Odette menghampiri Digger dan Miya, mendudukan diri agar bisa menyimak penjelasan Digger. "Memang kapan upacara kebangkitan akan dilaksanakan?"

"Besok malam."



***

Marion Paxley sedang duduk di taman belakang miliknya yang penuh dengan bunga. Beragam jenis bunga indah itu biasanya memberikan efek ketenangan saat di pandang. Tapi tidak dalam beberapa hari belakangan ini. Ia menghela nafas panjang.

"Kamu yakin tidak ingin melakukan sesuatu?" entah berapa kali Nyonya Paxley menanyakan hal ini pada suaminya. Ia tidak habis pikir mengapa Harion sama sekali tidak khawatir pada Gusion yang sekarang berada di Abyss.

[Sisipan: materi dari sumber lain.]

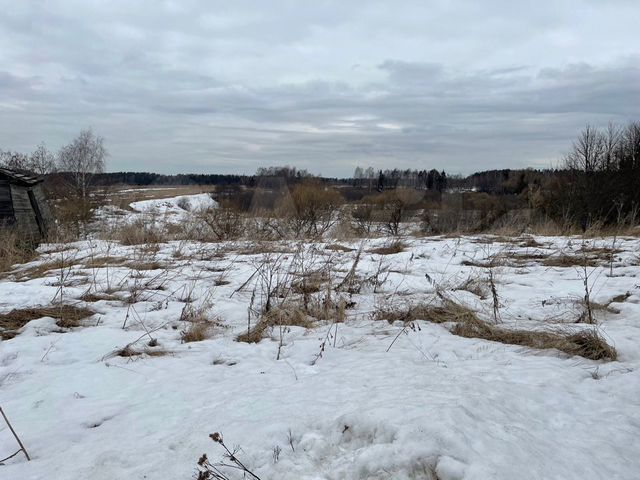 Участок 13,5 сот. (ИЖС)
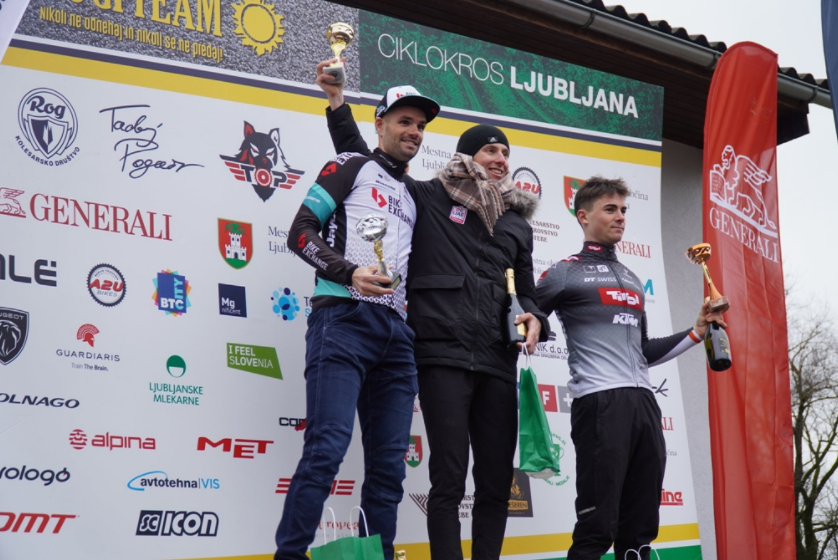 Bogacha vince la partita CX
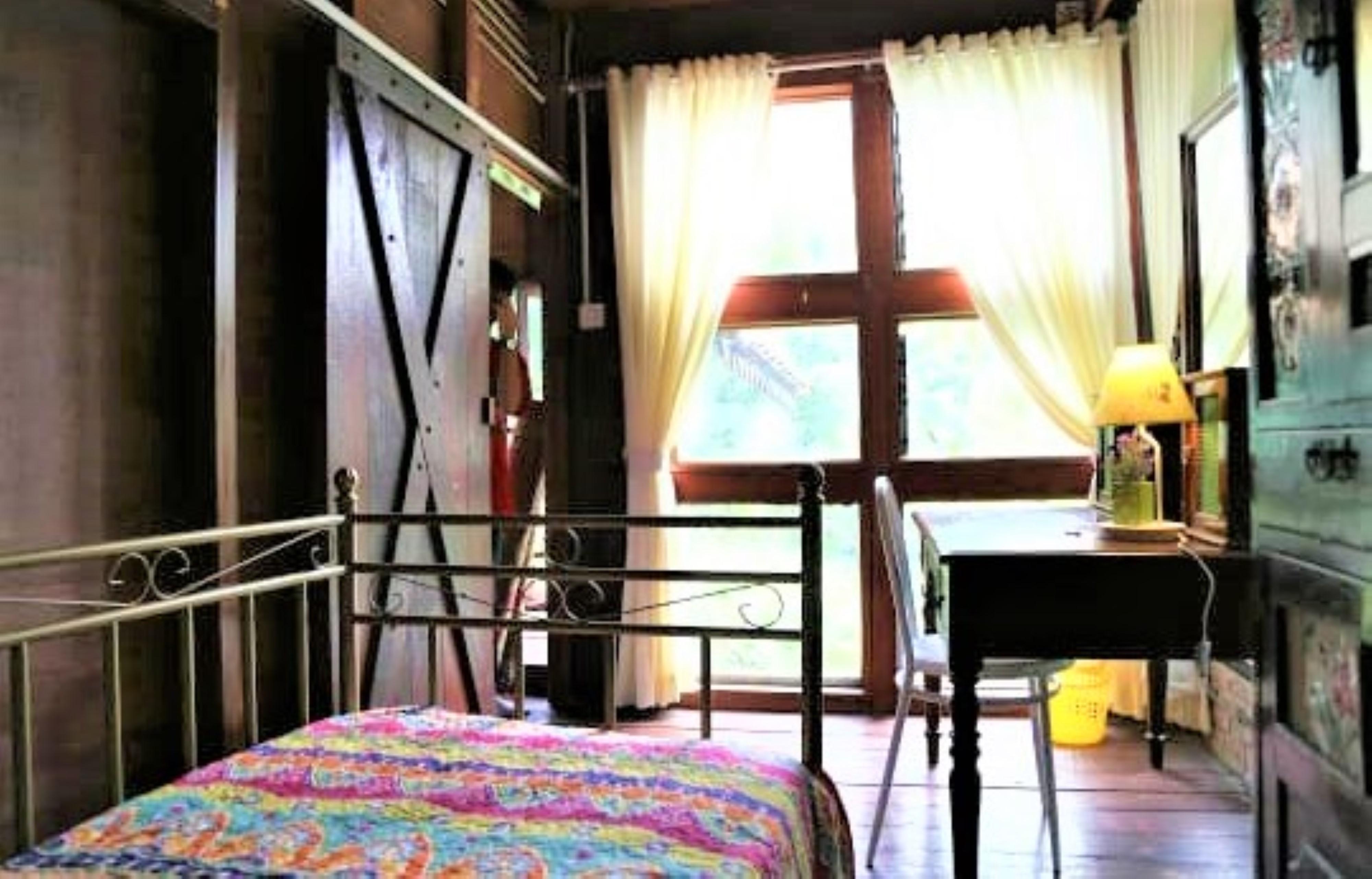 Nila House, Sharia Family Gasthof Jakarta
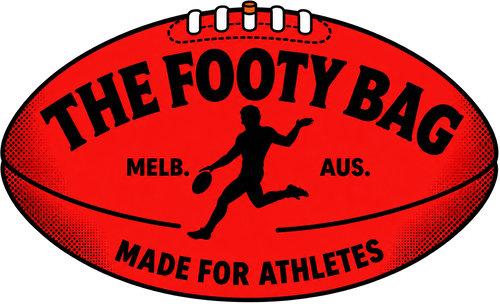 Footy Bag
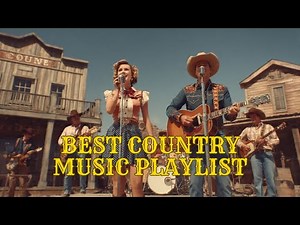 Best Free Country Music – Nonstop Tunes to Ease Your Day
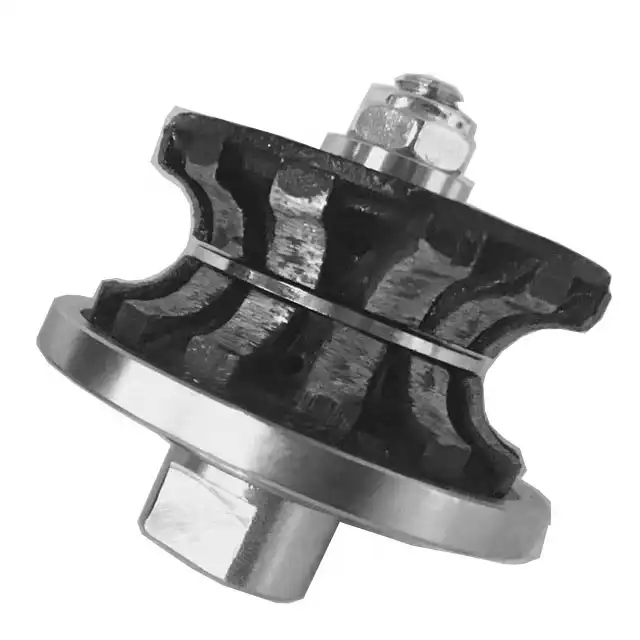 Premium Diamond Profiling Grinding Tool for Countertop Stone Edges – Efficient and Durable for Marble and Granite Processing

Ini sudah terjadi dua kali. Marion sudah pernah mencegah Gusion pergi ke tempat terkutuk itu sekali. Tapi sekarang putranya yang keras kepala itu kembali lagi ke tempat itu. Sama sekali tidak memikirkan perasaan ibunya.

"Dia sudah besar. Sudah bisa membuat keputusannya sendiri." Tuan Paxley menjawab dengan tenang.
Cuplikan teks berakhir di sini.